#### Data extracts:
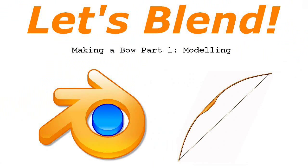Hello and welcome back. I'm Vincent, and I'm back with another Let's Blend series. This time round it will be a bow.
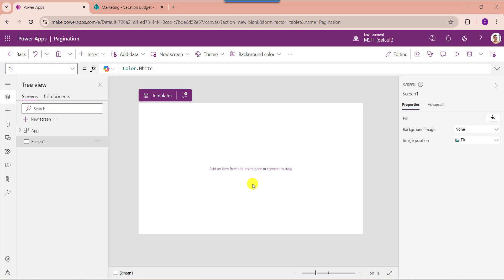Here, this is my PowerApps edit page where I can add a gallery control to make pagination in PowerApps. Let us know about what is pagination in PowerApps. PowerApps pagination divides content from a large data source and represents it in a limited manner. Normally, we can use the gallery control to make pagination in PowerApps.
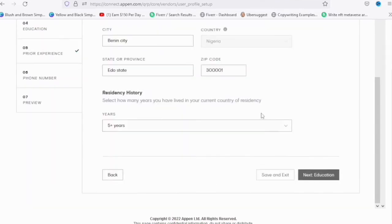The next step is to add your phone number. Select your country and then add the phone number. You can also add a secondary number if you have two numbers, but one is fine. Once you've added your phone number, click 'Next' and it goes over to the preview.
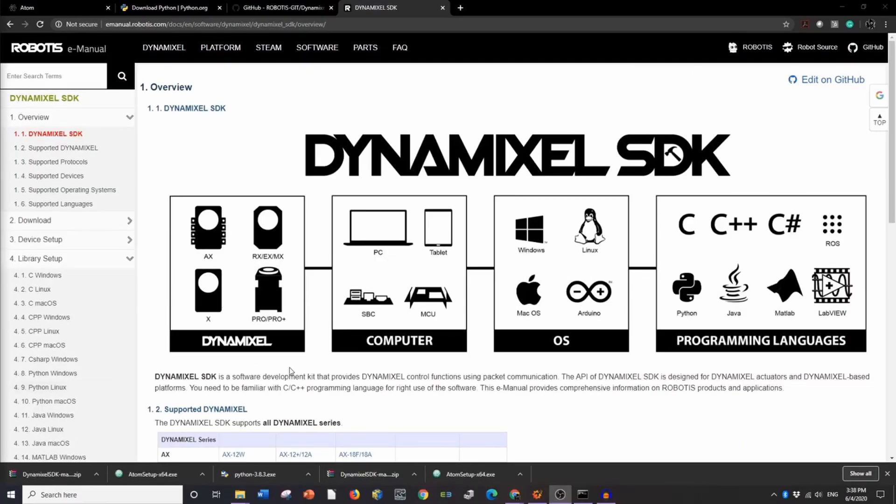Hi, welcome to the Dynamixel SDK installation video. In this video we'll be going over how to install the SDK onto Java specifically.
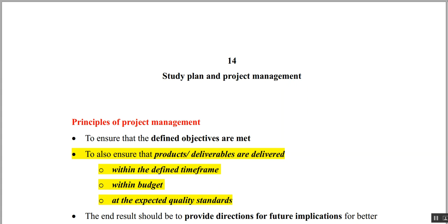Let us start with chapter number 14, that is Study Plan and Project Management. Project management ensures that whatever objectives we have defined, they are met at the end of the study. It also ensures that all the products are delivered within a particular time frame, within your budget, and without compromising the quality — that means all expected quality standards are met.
* * *
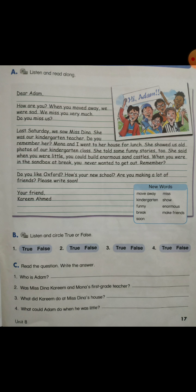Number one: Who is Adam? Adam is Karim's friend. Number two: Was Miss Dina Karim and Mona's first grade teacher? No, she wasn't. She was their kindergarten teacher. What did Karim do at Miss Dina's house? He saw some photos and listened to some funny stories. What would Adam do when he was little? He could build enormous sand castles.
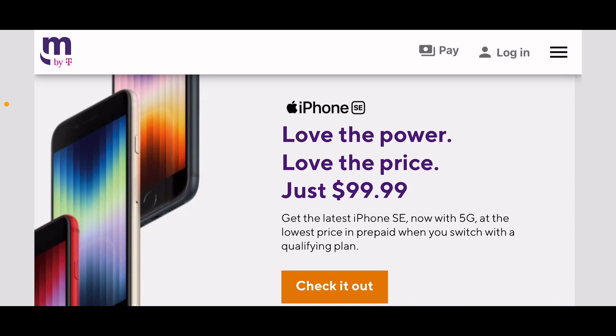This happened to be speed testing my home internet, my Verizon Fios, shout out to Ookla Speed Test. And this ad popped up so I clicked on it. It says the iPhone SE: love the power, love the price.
--
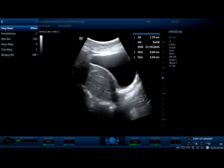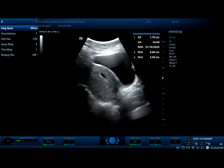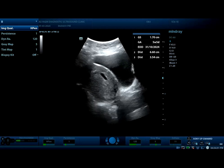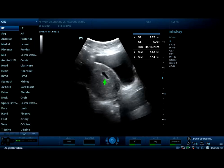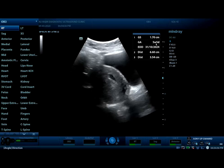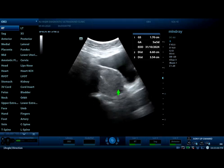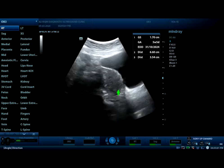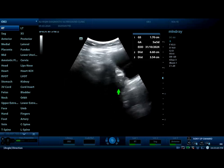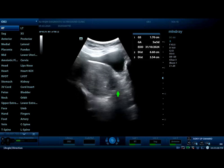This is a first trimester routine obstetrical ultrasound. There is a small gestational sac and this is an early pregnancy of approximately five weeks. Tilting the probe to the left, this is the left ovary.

#### Problem description:
Leaving each picture behind, please give again exactly the lines above from the one with "The next step" through the one with "Let us start", both included, and no others.

#### Solution to the problem:
The next step is to add your phone number. Select your country and then add the phone number. You can also add a secondary number if you have two numbers, but one is fine. Once you've added your phone number, click 'Next' and it goes over to the preview.
Hi, welcome to the Dynamixel SDK installation video. In this video we'll be going over how to install the SDK onto Java specifically.
Let us start with chapter number 14, that is Study Plan and Project Management. Project management ensures that whatever objectives we have defined, they are met at the end of the study. It also ensures that all the products are delivered within a particular time frame, within your budget, and without compromising the quality — that means all expected quality standards are met.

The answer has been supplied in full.